The features described in this page are experimental and have not undergone any security review.

Sapling integration

Sapling is a protocol enabling privacy-preserving transactions of fungible tokens in a decentralised environment. It was designed and implemented by the Electric Coin Company as the last iteration over a series of previous protocols and academic works starting with the Zerocoin seminal paper.

The reference implementation of Sapling, librustzcash, was integrated in the Mavkit codebase during 2019. It will be proposed as part of a protocol amendment during 2020.

Librustzcash and the Mavkit integration implement the protocol described in this specification, version 2020.1.0.

Sapling

Keys

Sapling offers a rich set of keys, each allowing different operations. A spending key allows to spend tokens so if it is lost or compromised the tokens could remain locked or be stolen. From a spending key it is possible to derive a corresponding viewing key which allows to view all incoming and outgoing transactions. The viewing key allows the owner of the tokens to check their balance and transaction history so if compromised there is a complete loss of privacy. On the other hand a viewing key can willingly be shared with a third party, for example with an auditor for regulatory compliance purposes.

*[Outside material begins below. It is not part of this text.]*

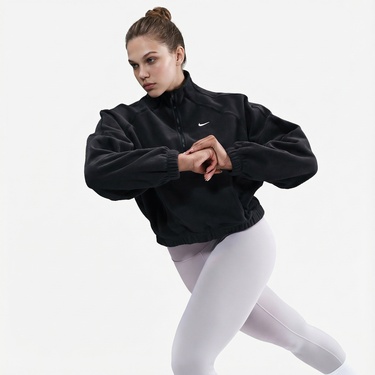  Nike One Therma-Fit Polar Kadın Siyah Sweatshirt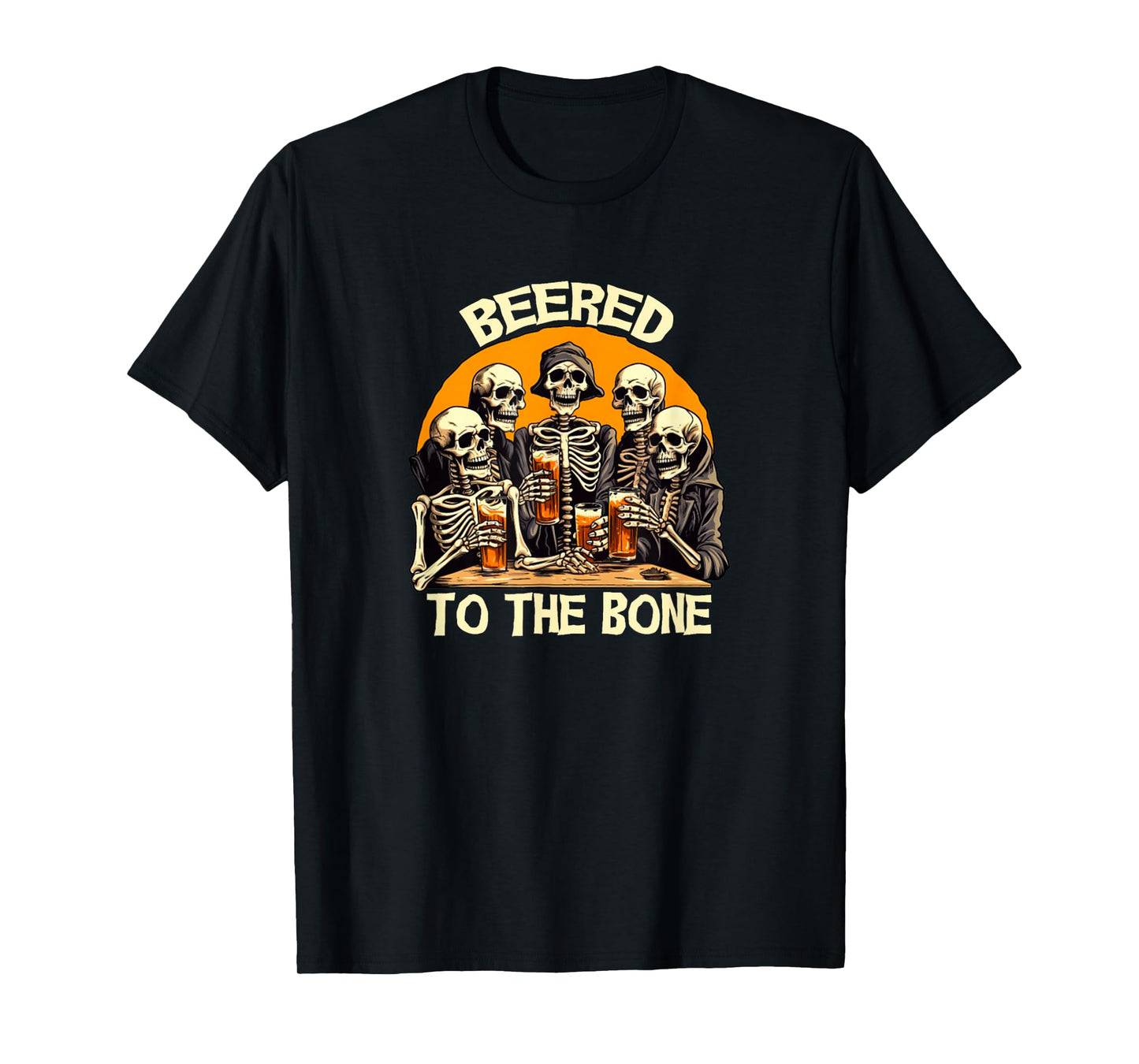 Skeletons Drinking Beer Funny Meme Halloween Party T-Shirt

A viewing key can also derive several diversified addresses. An address can be used to receive funds, much like the address of an implicit account.

Additionally proving keys can be used to allow the creation of proofs, thus revealing private information, without being able to spend funds. They are useful for example in case the spending key is stored in a hardware wallet but we’d like to use our laptop to craft the transaction and produce the zero-knowledge proofs, which are computationally too intensive for an embedded device.

More details can be found in the specification document.

Shielded transactions

Transactions use Bitcoin’s UTXO model with the important difference that each input and output, instead of containing an amount and an address, are just cryptographic commitments. In order to avoid double spends, it’s important to be able to check that a commitment has not already been spent. In Bitcoin we just need to check if an output is also later used as an input to verify if it’s already spent. In Sapling however we can’t know because inputs are not linked to outputs. For this reason for each input of a transaction, the owner must also publish a nullifier, which invalidates it. The nullifier can only be produced by the owner of a commitment and it’s deterministic so that everybody can check that it hasn’t been already published. Note however that it is not possible to infer which commitment has been nullified. Transactions of this form are privacy preserving and are referred to as shielded, because they reveal neither the amount, the sender nor the receiver.

The existing set of transactions is referred to as the shielded pool. Unlike Bitcoin, where everybody can compute the set of unspent outputs of every user, in Sapling only the owner of a viewing key can find their outputs and verify that they are not already spent. For this reason, to an external observer, the shielded pool is always increasing in size and the more transactions are added the harder it is to pinpoint the commitments belonging to a user.

When we spend a commitment there is some additional information that we need to transmit to the recipient in order for them to spend the corresponding output. This data is encrypted under a symmetric key resulting from a Diffie-Hellman key exchange using the recipient address and an ephemeral key. In principle this ciphertext can be transmitted off-chain as it’s not needed to verify the integrity of the pool. For convenience, in Mavryk, it is stored together with the commitment and the nullifier on chain.

For reasons of efficiency the commitments are stored in an incremental Merkle tree which allows for compact proofs of membership. The root of the tree is all that is needed to refer to a certain state of the shielded pool.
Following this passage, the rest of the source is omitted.